After a few year hiatus higher capacity hard drives are coming to market. We expect 8TB drives to be readily available before the end of the year with 10TB drives soon to follow. And at the rate that capacity demands are increasing those drives can’t get here soon enough. But, these new extremely high-capacity disk drives are being met with some trepidation. There are concerns about performance, reliability and serviceability. Can modern storage systems build enough safeguards around these products for the enterprise data center to count on them?
The Economics Advantage
A storage array populated with 8TB and 10TB drives will have a clear advantage over other hard drive based systems and certainly flash arrays. The cost per GB of these systems is going to be measured in pennies. These high capacity drives are going to be a significant step forward for the hard drive industry since flash storage has been narrowing the price per GB gap. 8TB and 10TB drives will re-widen that gap, making predictions of an all-flash data center a distant memory that never came to fruition.
It is more likely that data centers will be a mixture of high capacity systems and high performance systems. And in some ways it may make sense for those systems not to mix. This allows storage designers to surround differing systems with hardware and software optimized for these two distinctly different use cases. But we will need to see independent software emerge that can address data movement between separate, independent storage systems from a mixture of vendors.
Potentially even more valuable than the cost per GB gain are the gains that can be seen in density, meaning a need for fewer storage shelves or storage nodes in a scale-out storage system. The combination of lower price per GB and higher density will be welcome news to data centers that are creating data at an alarming rate. But, again this news will only be welcomed if the data center can deploy them with confidence that performance expectations can be met, that systems will recover quickly from failure and that the data can be reliably stored for a long period time.

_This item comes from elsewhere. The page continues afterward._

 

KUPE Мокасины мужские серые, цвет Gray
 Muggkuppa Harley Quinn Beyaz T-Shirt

The 8TB Performance Problem
Obviously 8TB drives are not going to perform like a 15K RPM low capacity drive, but most environments that are concerned about that kind of performance already have incorporated some type of flash technology – or will be. In fact, some of these capacity based storage systems can also support flash, while providing block, file and object access in an effort to truly consolidate the storage infrastructure. Whether in capacity systems or consolidated storage architectures, 8TB and 10TB drives will be used for lower access, less performance critical environments.
Is There a Reliability Problem?
Thus far there has been little indication that an 8TB drive will be any more or less reliable than its 1TB and 2TB counterparts. Plus, data protection technologies like RAID, replication and erasure coding exist to protect against failure of a given drive.

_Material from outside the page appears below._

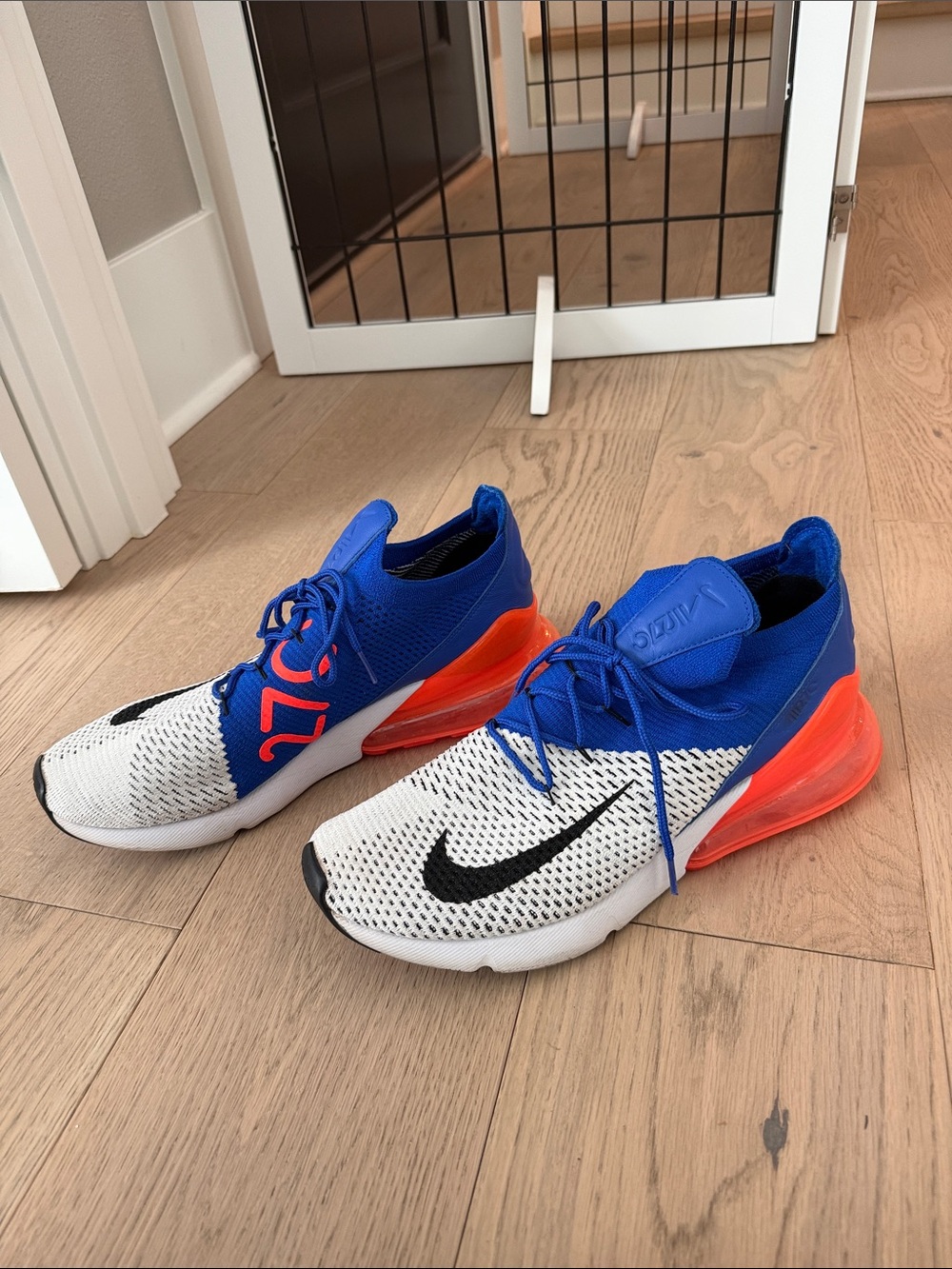 Nike Blue/White/Orange Air Max 270 Sneakers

There IS Serviceability Problem
While the reliability of 8TB and 10TB drives could be debated, the serviceability cannot. A drive of this size in a RAID set is going to take a very, very long time to rebuild. A RAID5/6 rebuild has been estimated to take anywhere from 1 week to 3 weeks per drive. Storage Switzerland has predicted the death of RAID as a protection scheme for years, high capacity 8TB/10TB drives may just put the final nail in that coffin.
The Durability Problem
In addition to serviceability challenges there will also be durability challenges. While hard disk drives don’t degrade in the same way that flash storage does, data on those drives can degrade and suffer from what is commonly called “bit rot”. A system designed to house high capacity drives should also have the ability to verify stored data on a periodic basis and confirm that it is still readable. If an error occurs that data needs to be automatically recovered from a known good copy. This capability is especially important in the flash era, because the role of disk based systems will change from one of serving active primary data to becoming a long term repository for inactive data.
Solving the 8TB Problem
Addressing these challenges is going to require a storage system that’s purpose-built for high capacity hard disk drives. In much the same way that all-flash arrays are designed specifically to provide performance, these high capacity storage systems will need to provide reliable and durable retention. Potentially, the two designs can be blended to offer a truly consolidated solution.

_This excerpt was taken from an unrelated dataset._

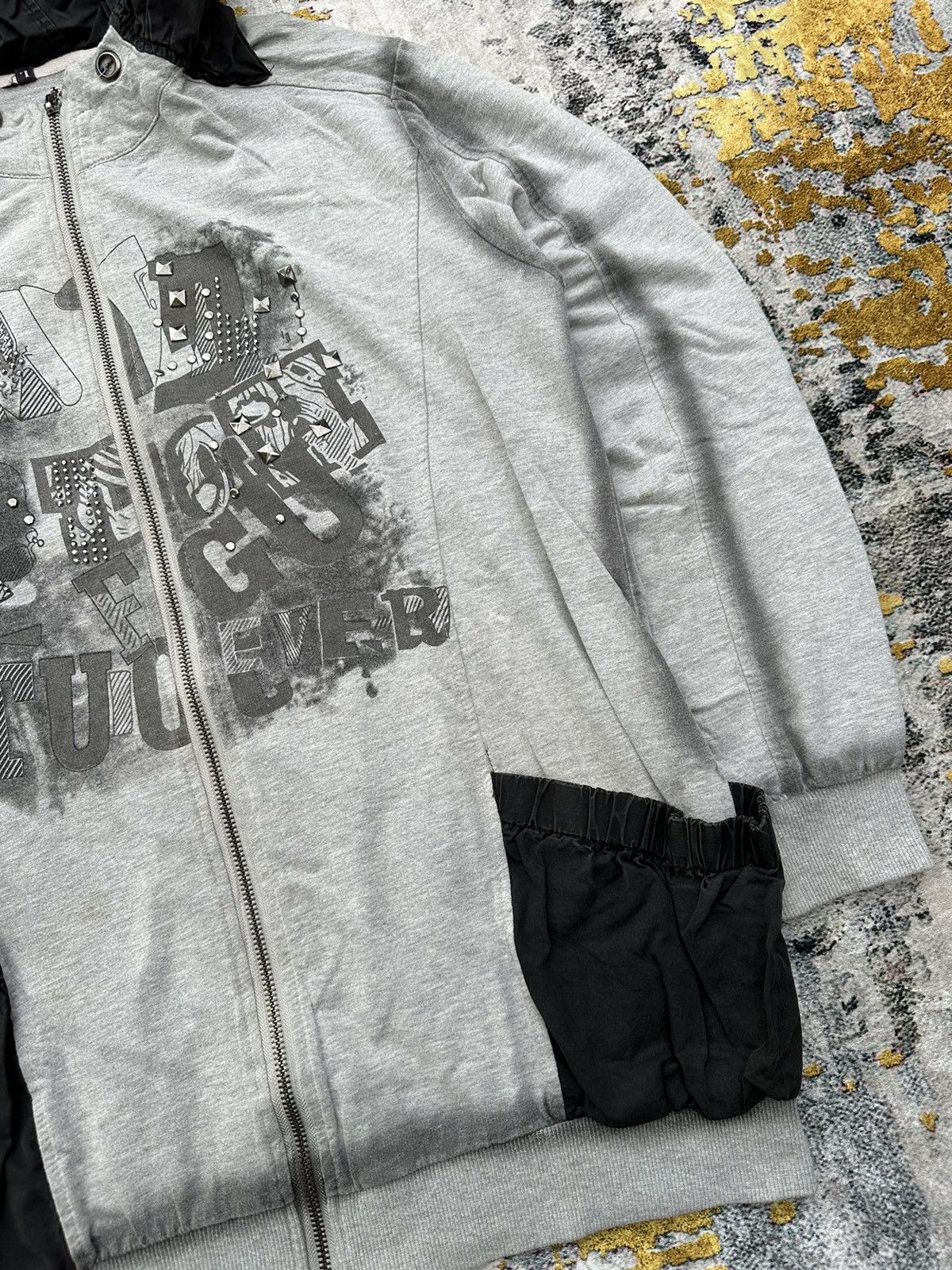 Hysteric Glamour STUDDED VERY NICE DESIGN ZIP HOODIE I6W9 LGB PUNK STYLE Size US L / EU 52-54 / 3 - 4 Thumbnail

Solving the re-build problem
The key to solving the high capacity drive rebuild problem is for the storage system to have a granular understanding, of the data it’s storing. This means that if a hard drive fails the entire drive doesn’t need to be rescanned and rebuilt, just the data that needs to be recovered from that drive. Again, on traditional RAID systems with 1TB or 2TB drives, this process can take hours, an 8TB or 10TB system may take days if not weeks to rebuild back to a protected state. Another challenge with high capacity drives is that while a rebuild is happening the data protection level is decreased and another failure or two could lead to complete data loss.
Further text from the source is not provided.